From Old English 'west' meaning the western direction. A directional surname name.
West is a directional name, simple on its face and surprisingly deep underneath. Linguistically, it comes from Old English west, part of a much older Indo-European family of words linked to evening and the setting sun. In early usage it was a topographic surname, identifying someone who lived to the west of a village or who came from a western district.
Like many surnames that later became first names, West began as geography and slowly turned into style. As a personal name, West belongs to a modern Anglo-American taste for lean, landscape-charged names: brief, vivid, and suggestive rather than ornate. It has cousins in names like North, Easton, and Weston, but West is the starkest and most elemental of the group.

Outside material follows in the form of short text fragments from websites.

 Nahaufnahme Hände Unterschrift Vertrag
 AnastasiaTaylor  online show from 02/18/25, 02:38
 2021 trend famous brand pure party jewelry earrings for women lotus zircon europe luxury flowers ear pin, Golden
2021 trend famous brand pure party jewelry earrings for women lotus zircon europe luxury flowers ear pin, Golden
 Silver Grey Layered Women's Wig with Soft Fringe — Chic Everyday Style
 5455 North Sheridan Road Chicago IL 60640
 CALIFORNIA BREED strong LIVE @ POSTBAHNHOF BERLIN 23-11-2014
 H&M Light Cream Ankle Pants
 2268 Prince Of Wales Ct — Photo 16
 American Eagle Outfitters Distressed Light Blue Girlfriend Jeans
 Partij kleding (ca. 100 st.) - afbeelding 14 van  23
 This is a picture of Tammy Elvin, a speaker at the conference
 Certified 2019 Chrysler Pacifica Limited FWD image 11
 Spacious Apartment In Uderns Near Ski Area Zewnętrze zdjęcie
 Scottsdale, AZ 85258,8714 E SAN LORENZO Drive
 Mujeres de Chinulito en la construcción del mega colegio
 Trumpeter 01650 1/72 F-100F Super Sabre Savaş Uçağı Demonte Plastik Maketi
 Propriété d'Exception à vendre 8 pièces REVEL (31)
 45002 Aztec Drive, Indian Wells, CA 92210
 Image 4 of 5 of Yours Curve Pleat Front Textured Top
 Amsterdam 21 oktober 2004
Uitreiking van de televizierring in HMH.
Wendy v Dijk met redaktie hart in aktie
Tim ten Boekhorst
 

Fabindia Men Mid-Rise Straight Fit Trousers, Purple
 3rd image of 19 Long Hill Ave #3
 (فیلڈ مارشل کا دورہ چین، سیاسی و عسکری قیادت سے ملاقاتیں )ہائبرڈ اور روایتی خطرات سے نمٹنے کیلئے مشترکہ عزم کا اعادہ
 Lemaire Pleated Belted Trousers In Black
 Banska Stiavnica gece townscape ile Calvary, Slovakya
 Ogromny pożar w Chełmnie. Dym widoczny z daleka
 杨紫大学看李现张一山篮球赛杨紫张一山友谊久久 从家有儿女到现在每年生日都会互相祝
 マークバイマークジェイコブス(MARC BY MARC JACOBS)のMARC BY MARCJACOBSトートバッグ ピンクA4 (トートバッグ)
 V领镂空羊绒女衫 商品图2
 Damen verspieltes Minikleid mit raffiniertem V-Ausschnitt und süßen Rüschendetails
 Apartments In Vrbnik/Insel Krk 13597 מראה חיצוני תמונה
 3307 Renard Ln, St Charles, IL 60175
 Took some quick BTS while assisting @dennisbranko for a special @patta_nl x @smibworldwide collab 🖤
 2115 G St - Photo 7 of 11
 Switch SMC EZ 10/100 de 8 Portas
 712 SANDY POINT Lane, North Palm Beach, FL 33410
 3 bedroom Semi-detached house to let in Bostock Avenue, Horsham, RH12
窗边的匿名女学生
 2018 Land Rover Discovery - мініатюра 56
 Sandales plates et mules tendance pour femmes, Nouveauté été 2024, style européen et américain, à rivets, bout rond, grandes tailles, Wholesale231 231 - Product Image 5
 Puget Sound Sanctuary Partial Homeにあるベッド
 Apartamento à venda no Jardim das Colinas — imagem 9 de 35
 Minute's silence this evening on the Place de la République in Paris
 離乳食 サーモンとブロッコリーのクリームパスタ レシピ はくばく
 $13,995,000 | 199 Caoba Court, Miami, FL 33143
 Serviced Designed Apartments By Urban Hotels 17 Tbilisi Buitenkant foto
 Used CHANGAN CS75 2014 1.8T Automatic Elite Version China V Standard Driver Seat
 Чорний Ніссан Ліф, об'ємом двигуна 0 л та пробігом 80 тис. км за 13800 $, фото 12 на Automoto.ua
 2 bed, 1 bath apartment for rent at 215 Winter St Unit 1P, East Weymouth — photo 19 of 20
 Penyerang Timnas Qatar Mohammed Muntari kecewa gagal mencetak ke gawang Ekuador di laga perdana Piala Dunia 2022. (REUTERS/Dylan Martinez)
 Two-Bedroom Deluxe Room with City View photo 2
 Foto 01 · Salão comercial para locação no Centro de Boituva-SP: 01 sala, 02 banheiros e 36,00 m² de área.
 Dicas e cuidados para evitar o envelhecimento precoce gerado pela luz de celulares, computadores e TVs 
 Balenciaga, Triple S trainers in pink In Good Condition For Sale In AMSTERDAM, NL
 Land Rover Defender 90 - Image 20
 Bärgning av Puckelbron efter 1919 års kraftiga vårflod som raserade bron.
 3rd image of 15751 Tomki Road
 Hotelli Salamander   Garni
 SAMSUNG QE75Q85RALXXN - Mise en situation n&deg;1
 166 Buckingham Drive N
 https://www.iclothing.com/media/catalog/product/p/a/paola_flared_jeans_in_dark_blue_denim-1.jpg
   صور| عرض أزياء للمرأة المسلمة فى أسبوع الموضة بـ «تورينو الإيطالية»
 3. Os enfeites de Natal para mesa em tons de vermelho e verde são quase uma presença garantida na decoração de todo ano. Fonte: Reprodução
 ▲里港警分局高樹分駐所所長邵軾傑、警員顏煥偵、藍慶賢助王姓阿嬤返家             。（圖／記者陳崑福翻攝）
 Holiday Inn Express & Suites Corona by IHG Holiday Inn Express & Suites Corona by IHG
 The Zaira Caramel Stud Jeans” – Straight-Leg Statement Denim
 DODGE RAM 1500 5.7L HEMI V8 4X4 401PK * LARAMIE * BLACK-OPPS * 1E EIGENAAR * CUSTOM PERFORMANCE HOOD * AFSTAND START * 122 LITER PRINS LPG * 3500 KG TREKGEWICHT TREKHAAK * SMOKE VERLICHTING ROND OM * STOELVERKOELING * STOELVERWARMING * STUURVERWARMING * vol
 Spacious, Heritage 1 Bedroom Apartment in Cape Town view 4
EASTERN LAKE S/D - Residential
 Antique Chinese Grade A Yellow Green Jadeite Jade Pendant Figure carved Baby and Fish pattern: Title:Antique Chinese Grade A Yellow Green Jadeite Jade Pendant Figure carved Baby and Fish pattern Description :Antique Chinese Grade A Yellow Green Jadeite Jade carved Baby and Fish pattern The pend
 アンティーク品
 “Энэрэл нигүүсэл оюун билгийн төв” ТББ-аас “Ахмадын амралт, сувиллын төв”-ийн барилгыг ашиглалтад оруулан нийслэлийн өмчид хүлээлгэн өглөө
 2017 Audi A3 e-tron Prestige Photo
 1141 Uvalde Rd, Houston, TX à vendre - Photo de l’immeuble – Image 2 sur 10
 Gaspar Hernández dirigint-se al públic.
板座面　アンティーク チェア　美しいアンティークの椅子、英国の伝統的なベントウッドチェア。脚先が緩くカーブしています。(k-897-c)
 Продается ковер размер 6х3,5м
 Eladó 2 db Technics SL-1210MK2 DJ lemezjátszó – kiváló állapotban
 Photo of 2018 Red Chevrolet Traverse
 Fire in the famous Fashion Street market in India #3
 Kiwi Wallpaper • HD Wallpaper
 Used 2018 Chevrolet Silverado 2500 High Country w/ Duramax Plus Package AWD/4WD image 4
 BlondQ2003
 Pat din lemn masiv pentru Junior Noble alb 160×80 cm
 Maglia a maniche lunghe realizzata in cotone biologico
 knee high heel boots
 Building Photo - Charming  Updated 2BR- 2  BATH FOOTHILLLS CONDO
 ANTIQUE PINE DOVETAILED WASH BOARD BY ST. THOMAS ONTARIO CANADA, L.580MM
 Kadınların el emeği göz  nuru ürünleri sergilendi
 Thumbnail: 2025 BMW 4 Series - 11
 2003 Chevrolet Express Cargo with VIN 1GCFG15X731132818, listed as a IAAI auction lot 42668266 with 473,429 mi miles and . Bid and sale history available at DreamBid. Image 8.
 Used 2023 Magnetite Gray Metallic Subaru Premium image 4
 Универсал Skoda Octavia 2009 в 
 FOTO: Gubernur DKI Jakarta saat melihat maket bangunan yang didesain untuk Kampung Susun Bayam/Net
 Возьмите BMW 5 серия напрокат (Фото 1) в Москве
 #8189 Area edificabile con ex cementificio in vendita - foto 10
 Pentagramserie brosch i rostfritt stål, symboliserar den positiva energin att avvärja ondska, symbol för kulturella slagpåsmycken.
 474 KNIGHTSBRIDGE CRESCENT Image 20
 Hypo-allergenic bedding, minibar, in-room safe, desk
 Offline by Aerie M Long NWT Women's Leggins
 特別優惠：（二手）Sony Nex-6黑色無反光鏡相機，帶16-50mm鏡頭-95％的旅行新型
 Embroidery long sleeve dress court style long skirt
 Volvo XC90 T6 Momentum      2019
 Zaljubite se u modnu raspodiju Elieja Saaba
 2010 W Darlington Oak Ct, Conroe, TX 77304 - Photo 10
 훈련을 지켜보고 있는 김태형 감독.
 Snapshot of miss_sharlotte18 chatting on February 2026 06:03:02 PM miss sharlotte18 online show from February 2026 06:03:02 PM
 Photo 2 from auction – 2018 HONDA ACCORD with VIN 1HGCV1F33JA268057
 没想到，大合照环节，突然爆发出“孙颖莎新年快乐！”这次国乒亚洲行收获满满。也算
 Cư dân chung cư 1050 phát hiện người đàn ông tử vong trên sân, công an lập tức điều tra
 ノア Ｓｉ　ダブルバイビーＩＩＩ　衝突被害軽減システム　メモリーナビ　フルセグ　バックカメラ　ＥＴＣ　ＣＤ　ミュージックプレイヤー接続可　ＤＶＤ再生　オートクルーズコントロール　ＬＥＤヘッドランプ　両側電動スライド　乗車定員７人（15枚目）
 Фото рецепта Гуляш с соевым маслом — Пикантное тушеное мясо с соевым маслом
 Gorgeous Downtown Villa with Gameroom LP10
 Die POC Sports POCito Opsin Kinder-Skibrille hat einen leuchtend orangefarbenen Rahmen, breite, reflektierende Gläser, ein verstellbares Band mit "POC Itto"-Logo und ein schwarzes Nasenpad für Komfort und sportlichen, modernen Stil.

Its cultural associations are broad and powerful. In American history, "the West" evokes frontier mythology, migration, reinvention, and the romance of open country. In popular culture, it can suggest cool minimalism or cinematic Americana, depending on the context.
That is why the name's perception has changed so much. As a surname, it once sounded inherited and practical; as a given name, it now feels modern, tailored, and self-possessed. It has been helped along by celebrity usage and by the current appetite for names that sound like compass points, horizons, and weather maps.
West is not elaborate, but it does a great deal with very little. It carries sunset light, frontier legend, and a strong sense of direction, all in one syllable.